At Google's keynote at Mobile World Congress, a member of the press asked the Chairman when Android would be coming to low-cost feature phones. Schmidt immediately answered with, "Why not buy a smartphone?" Schmidt wasn't being crass, he was pointing out that Android keeps reaching into the lower end, in price if not in power. "Last year's $400 phone is next year's $100 phone," said Schmidt, stating that he hopes and expects Android to enter lower and lower markets as it progresses.
A device needs a basic phone (connection), basic screen and basic browser in order to open up web access to its user, all of which rely on at least a decently powerful processor.

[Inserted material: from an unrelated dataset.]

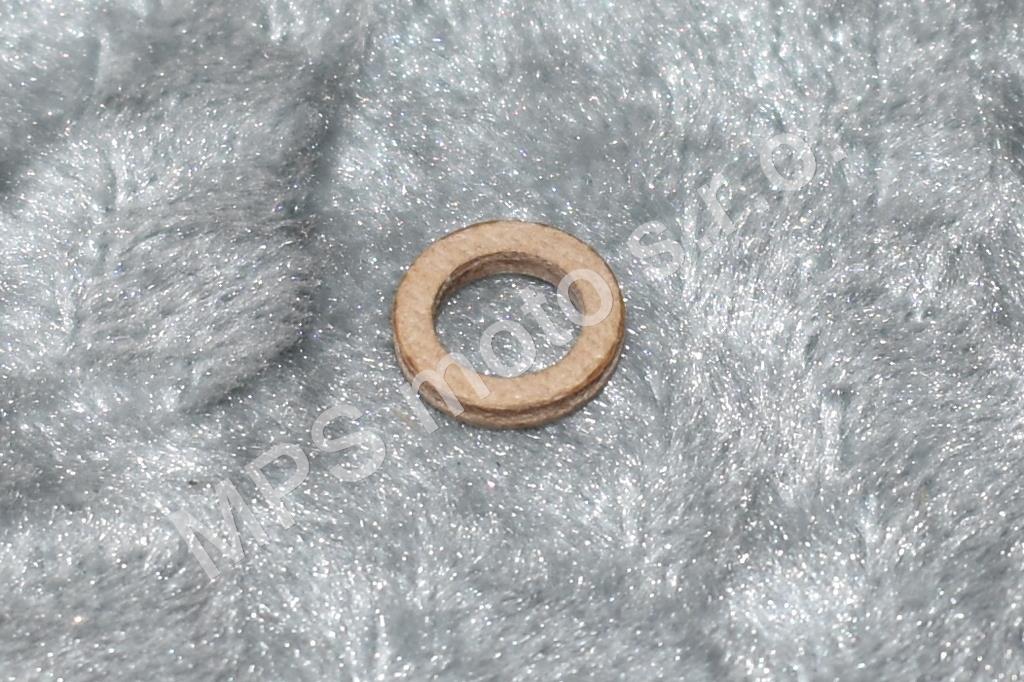 Těsnící fibr. kroužek 6x10x1,5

Schmidt said that Google's OEMs were working on sending Android phones into the $100-150 territory, with the eventual goal of reaching the $70 price point. All these figures are for phones sold independently of carriers, with no contracts and an unlocked connection to mobile networks.
Not that that's necessary: Schmidt dedicated quite a bit of time to mesh networks, small networks between devices with or without a central connection to the Internet. With local wireless LAN and emerging technology like NFC and Android Beam, combined with electronic access made possible by alternative power, smartphone and tablet technology can change the way that people in isolated locations communicate with each other. Google is focusing on emerging markets in every facet of its Android strategy - not the least of which is getting it to run on cheaper and cheaper hardware.
Schmidt says that Android phones priced competitively with standard phones are coming within the next two years. With networks and end-user devices advancing at a break-neck pace, it's hard to argue with him. While super devices get the press, it's the low end of mobile tech that's breaking down barriers for emerging markets - and Android is a huge and driving part of that.